Beleaguered British Prime Minister Liz Truss resigned on Thursday bringing the curtains down on her controversial reign following her tax-cutting plans caused a market meltdown during an already severe cost-of-living crisis.
In a desperate bid to weather the odds, Truss had ripped up the mini-budget that caused turmoil in financial markets and replaced Kwasi Kwarteng as chancellor with Conservative leader Jeremy Hunt.
The rumblings in the ranks were out in the open after interior minister Suella Braverman resigned a day before triggering the second reshuffle this month.
Soon after her resignation in an address, Truss said, “I recognise that given the situation I cannot deliver the mandate on which I was elected by the Conservative Party.

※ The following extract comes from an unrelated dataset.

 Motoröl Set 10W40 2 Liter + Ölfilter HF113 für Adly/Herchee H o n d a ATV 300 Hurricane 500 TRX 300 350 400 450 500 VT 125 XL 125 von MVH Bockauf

I have therefore spoken to His Majesty the King to notify him that I am resigning as leader of the Conservative Party.”
The estimated GBP 45 billion worth of tax cuts without a detailed funding plan to back them up spelled disaster for the UK economy when inflation was already surging.

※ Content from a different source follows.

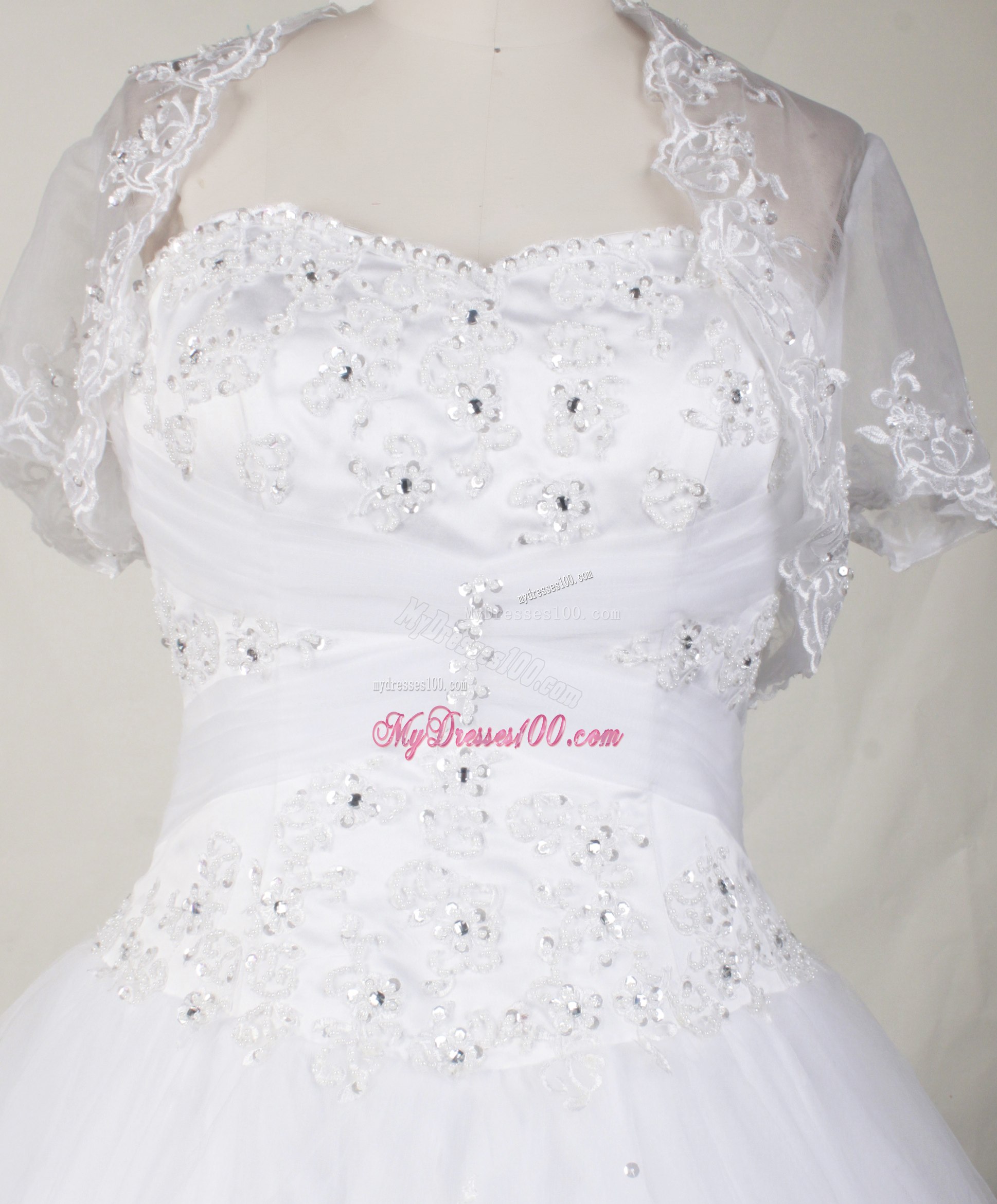 Beaded Appliques Decorate White Dresses 15 with Jacket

Truss's departure comes a day after she claimed in Parliament that she is a fighter and not a quitter amid jeer from opposition MPs.
Meanwhile, Truss’s departure has brightened the chances of Rishi Sunak, who lost out to Truss, to replace her as the next prime minister though deep infighting in the ranks may tilt the scale in favour of anyone. Loyalists of ex-PM Boris Johnson are pitching for his comeback to restore the situation.
Truss’s troubles reflect how Johnson was booted out of the office and forced to quit in early July amid an open revolt by his party heavyweights.